着ぐるみさんは盛り上げ上手で、噺家のようなトーク、安定のギターテクニックと声量でベテランの風情。着ぐるみだけれども音は、ストレートなロケンロール。パンダの中身は山川のりを
が、簡単にはパンダからのりをに変身せず、着ぐるみを脱げばその中に小さいパンダさん、それを脱げばさらに小さいパンダさん、その下にも!さらに小さいパンダさんが潜んでいたのでした。(暑かろう)

もっとコミックソングみたいのをやってるのかと思っていたのですが(着ぐるみだし)、予想以上に骨のある歌でした。
特に「引き潮」という優しい曲は、あれこれ悩んで考えて答えは出ないまま歌うんや!みたいな、ひとが音楽へ向かうときのプロトタイプのような歌やなあと思いました。

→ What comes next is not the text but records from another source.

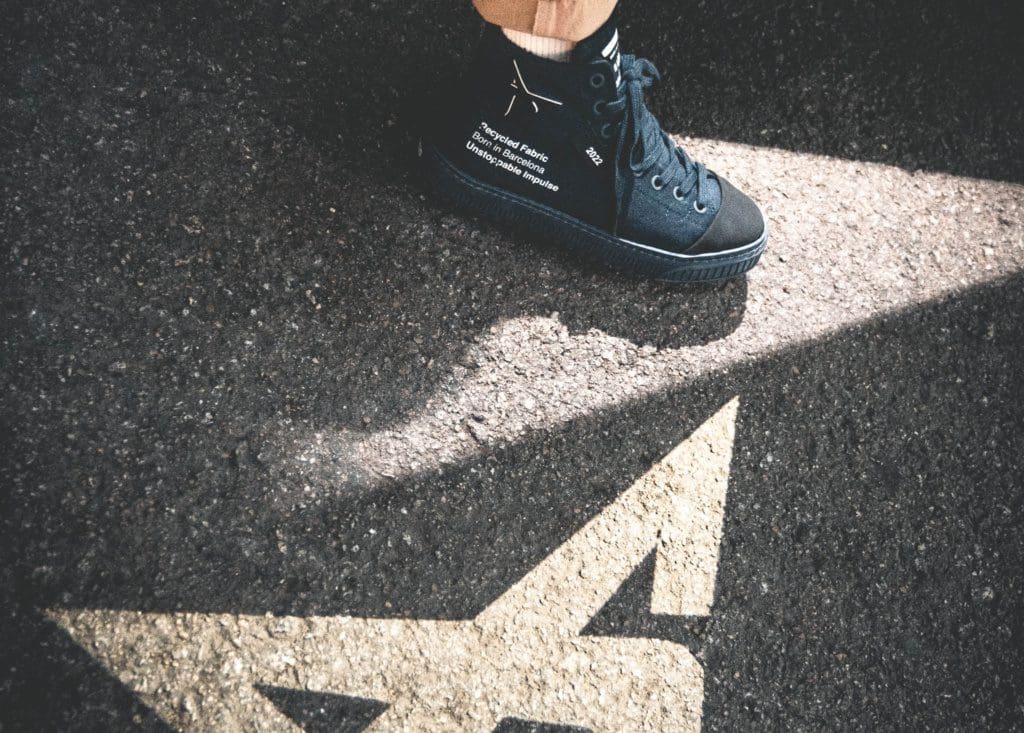 CUPRA rijdt fashionwereld binnen met eigen sneakers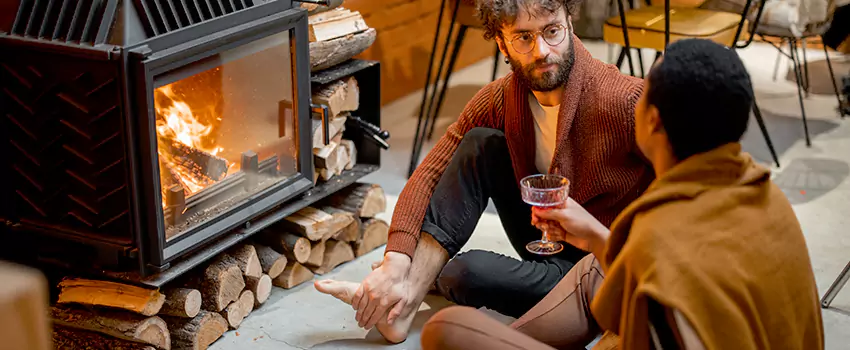 Non-Working Metal Fireplace Repair in Wylie, TX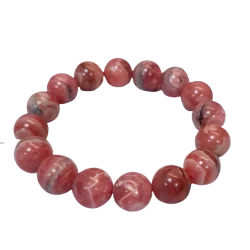 Bracelet en Rhochrosite 12mm
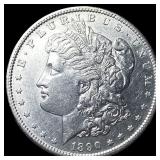 1890-S Silver Morgan Dollar CLOSELY UNCIRCULATED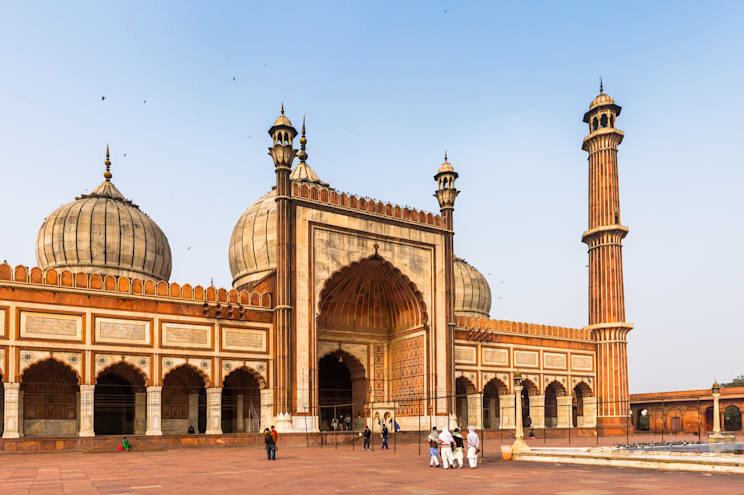 Fatehpur-Sikri: Moschee Jama Masjid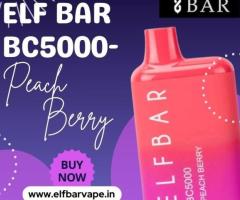 Dive into Luxury Vaping with ELF BAR BC5000 - Where Innovation Meets Style!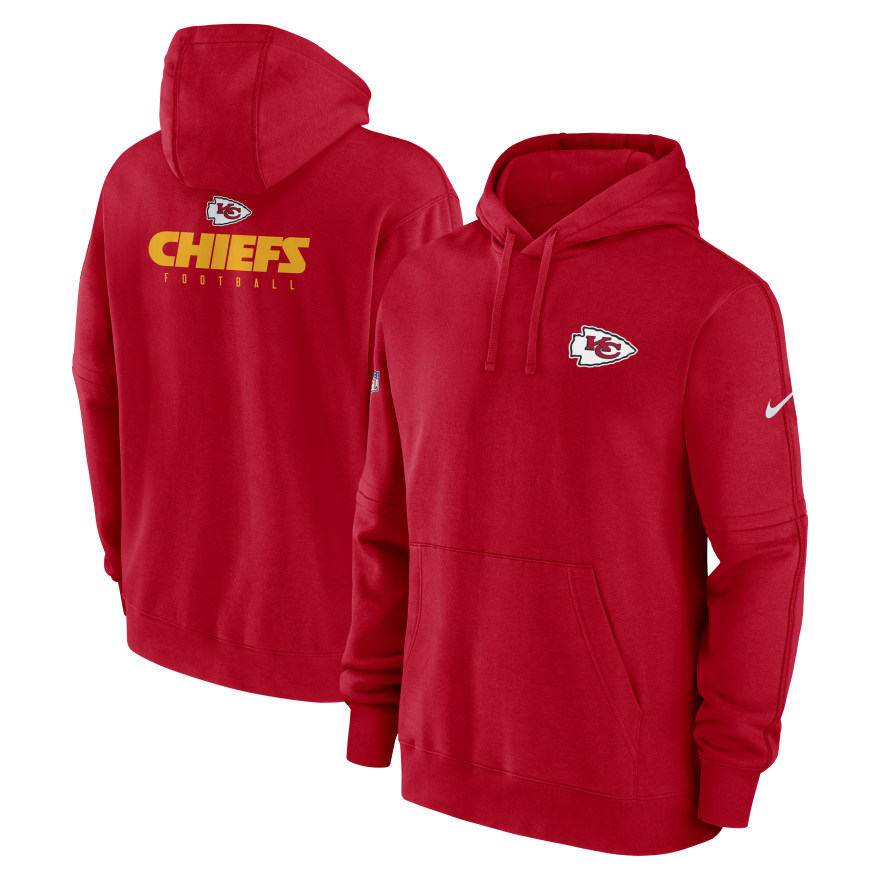 Chiefs Nike Club Fleece Pullover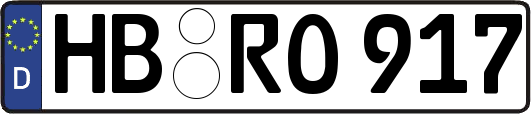 HB-RO917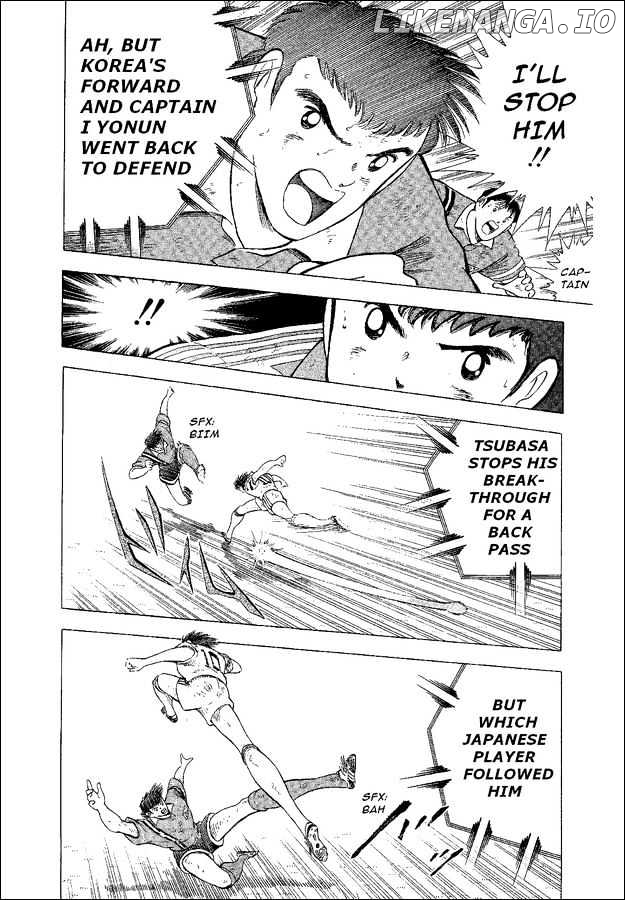 Captain Tsubasa World Youth chapter 43 - page 23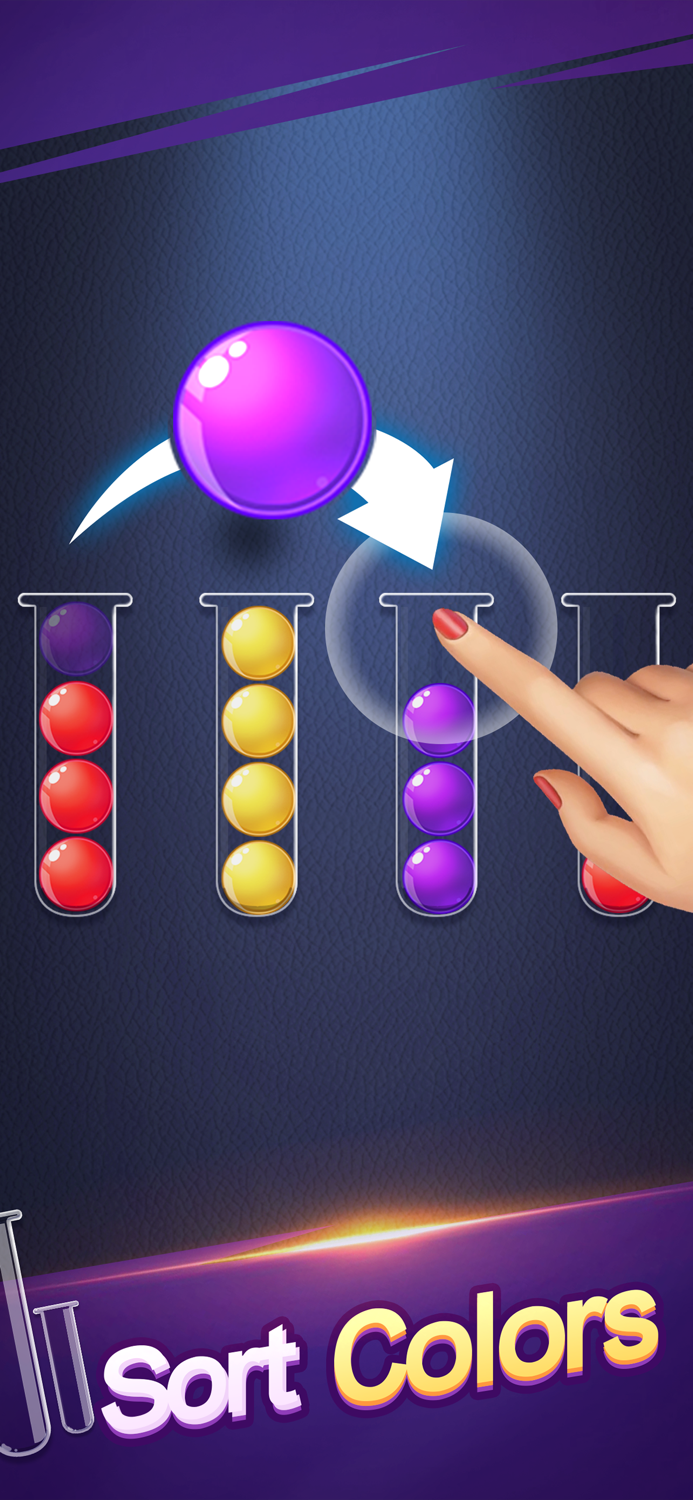 Color Ball Sort Puzzle 2023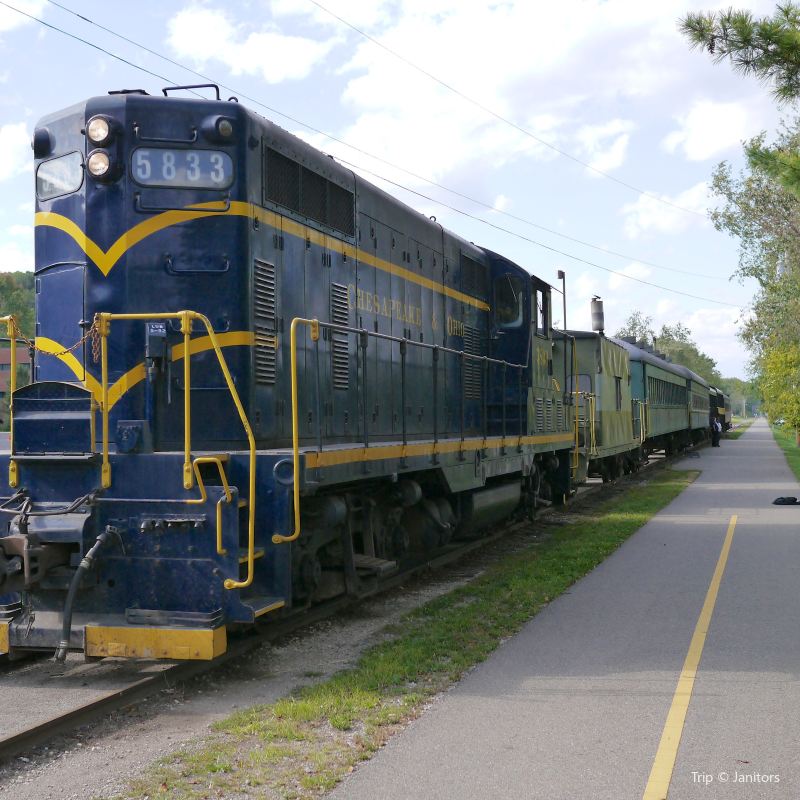 Hocking Valley Scenic Railway Travel Guidebook Must Visit
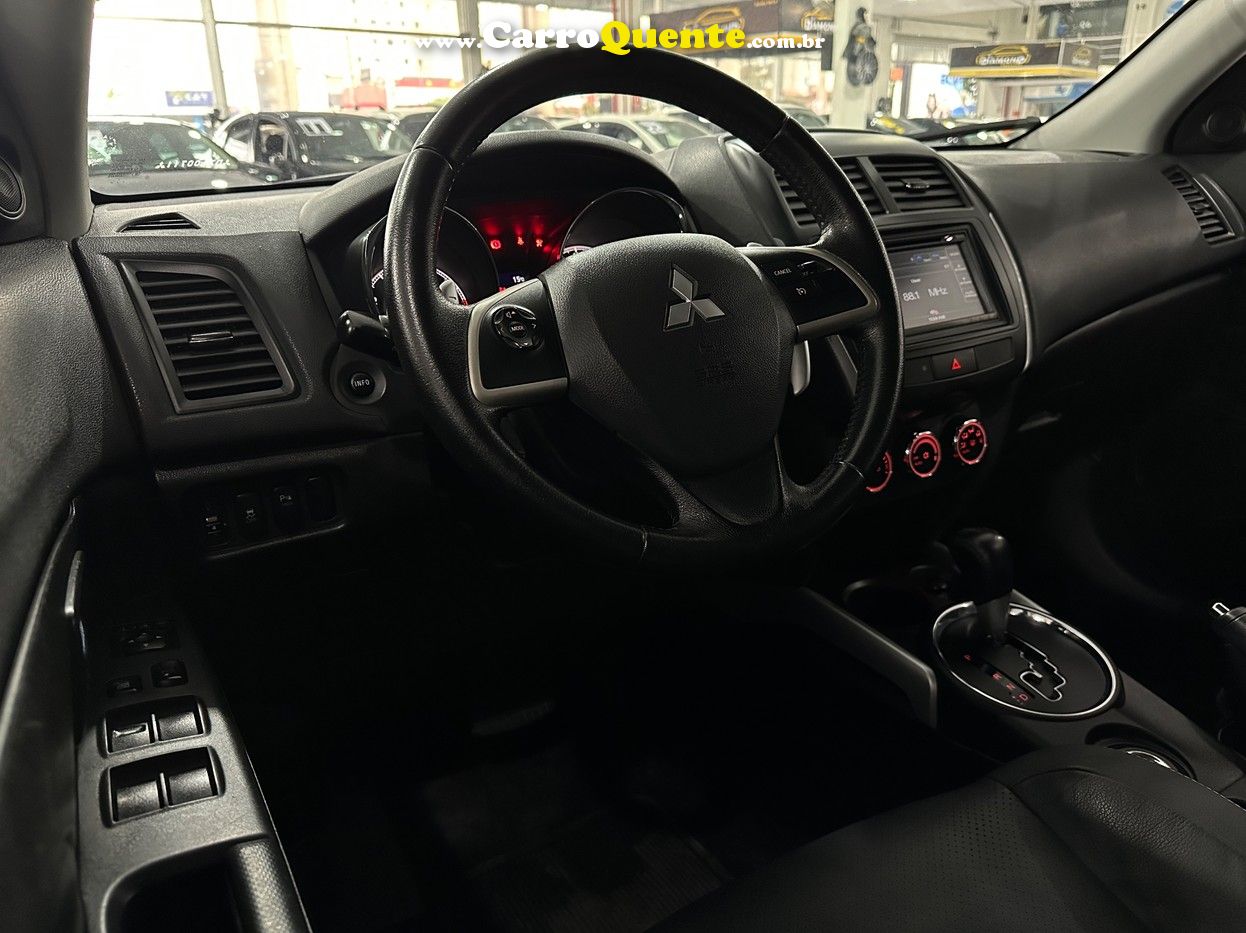 MITSUBISHI ASX 2.0 4X4 AWD 16V - Loja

他に、昨今の「愛国」を皮肉るような歌詞があったり、ちょっとおおっと思ってしまい、おおっと思っている自分にびっくりするなど。(というのは、われわれの世代ってわりと、「政治的・社会的であることはダサい、怖い」「ひくわー」みたいなスタンスがあると思うんですが、私は常々、その態度こそがそもそも政治的やんか、そして政治的・社会的であることってべつにふつうにやれたらええやんか、と思うてたはずなんですが、ちょこっと「政治的」に見える歌詞が歌われただけでおおっと思うとかって、案外そのスタンスが内面化されてたんやなあ、ということに気付き、びっくりしたのでした。)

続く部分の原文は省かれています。